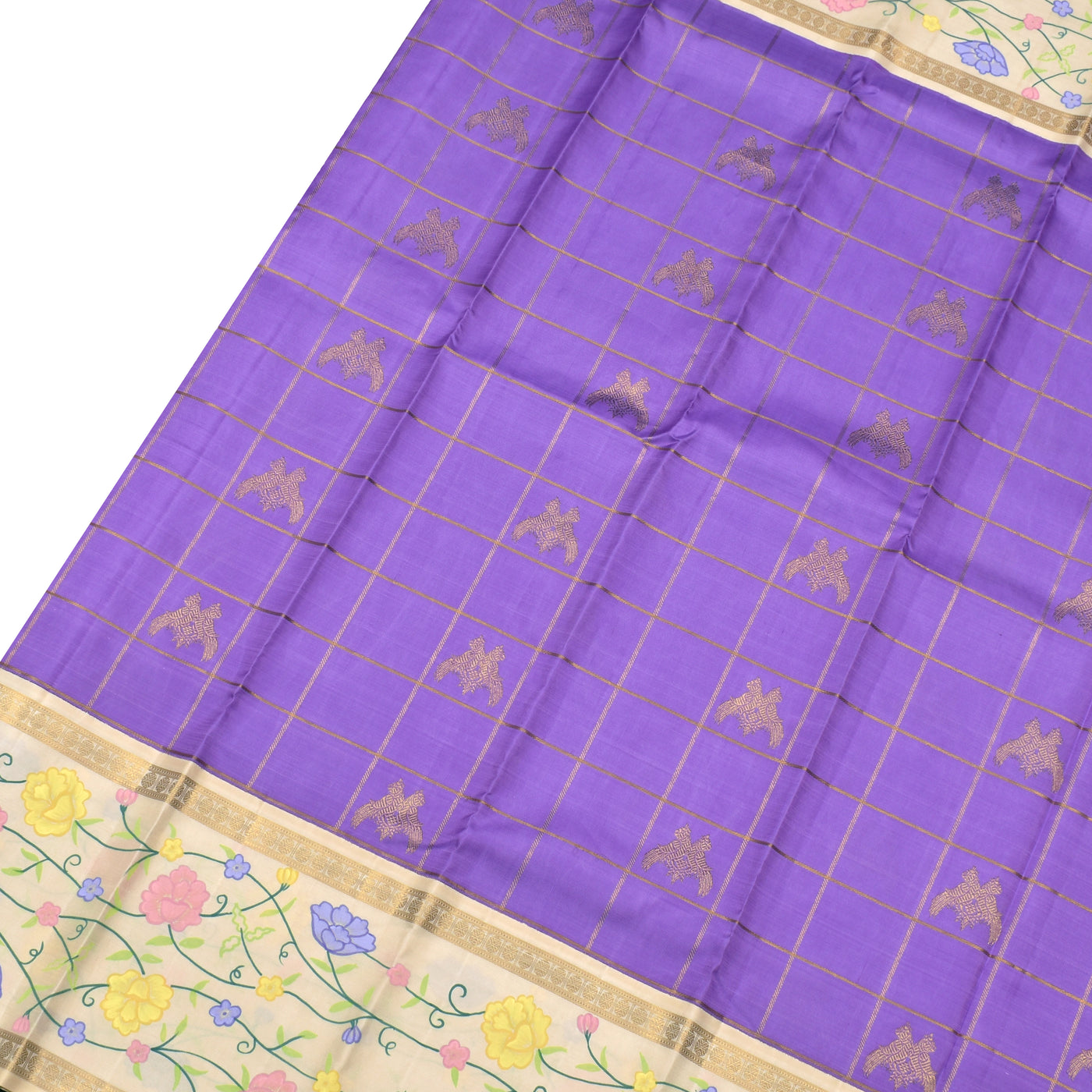Lavender Hand Painted Kanchi Silk Saree with Iruthalai Patchi Design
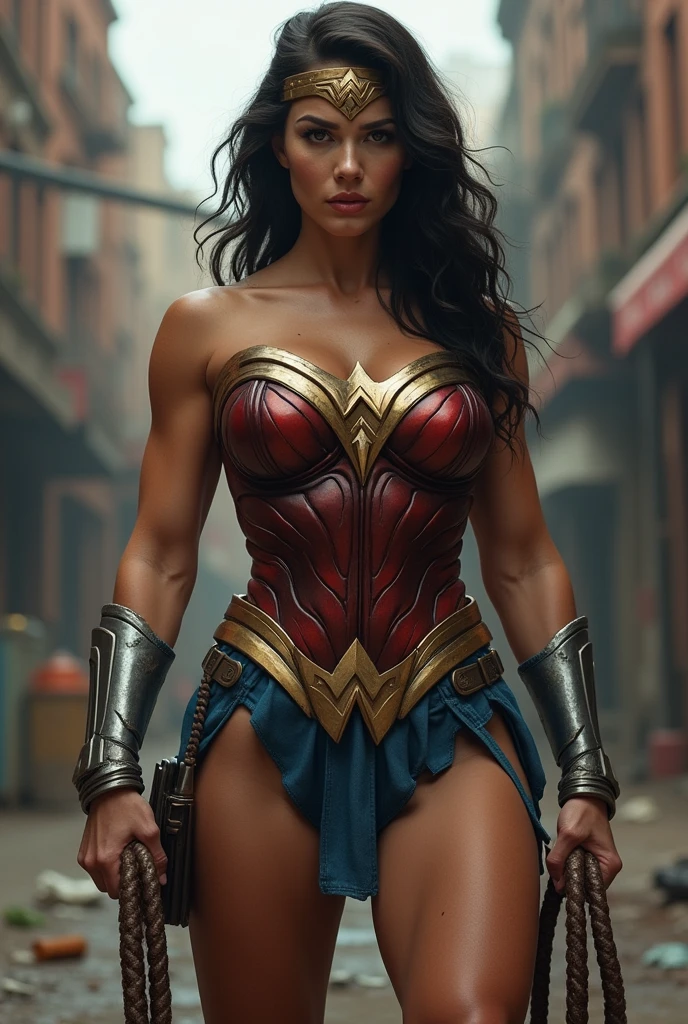 Real life wonder woman with large breasts and muscular body wearing headband, hand wraps, and lasso of truth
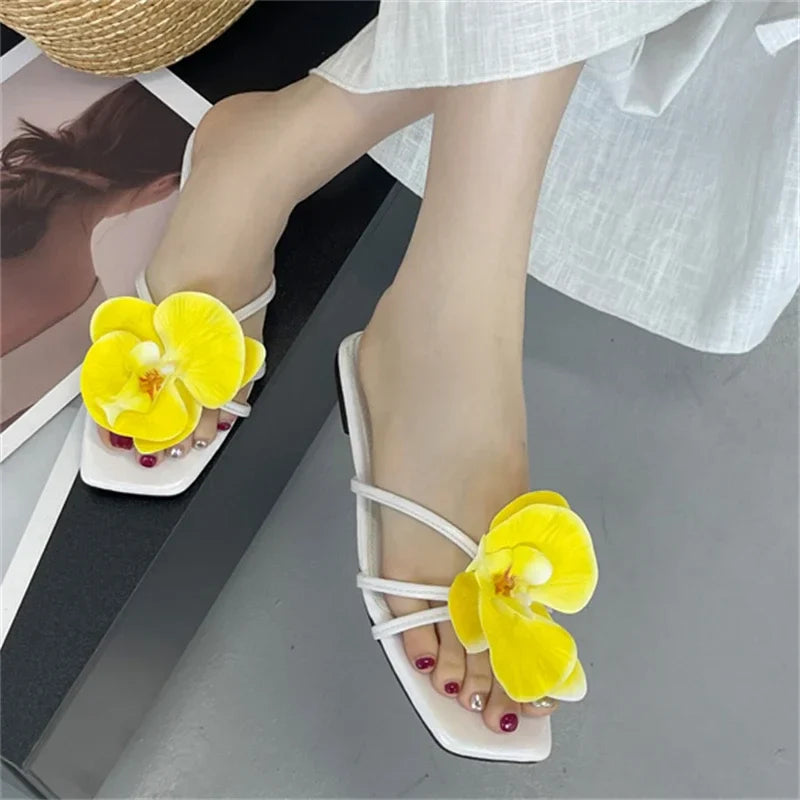 Flower Narrown Band Low Heels Slippers Square Toe Casual Beach Shoes Size 35-43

┄┄┄┄┄┄┄┄┄┄┄┄┄┄┄┄┄┄┄┄

YOUR OBJECTIVE:
Copy out every line of the material above precisely, omitting the pictures.

PROBLEM SOLUTION:
Lavender Hand Painted Kanchi Silk Saree with Iruthalai Patchi Design
 Real life wonder woman with large breasts and muscular body wearing headband, hand wraps, and lasso of truth
 Flower Narrown Band Low Heels Slippers Square Toe Casual Beach Shoes Size 35-43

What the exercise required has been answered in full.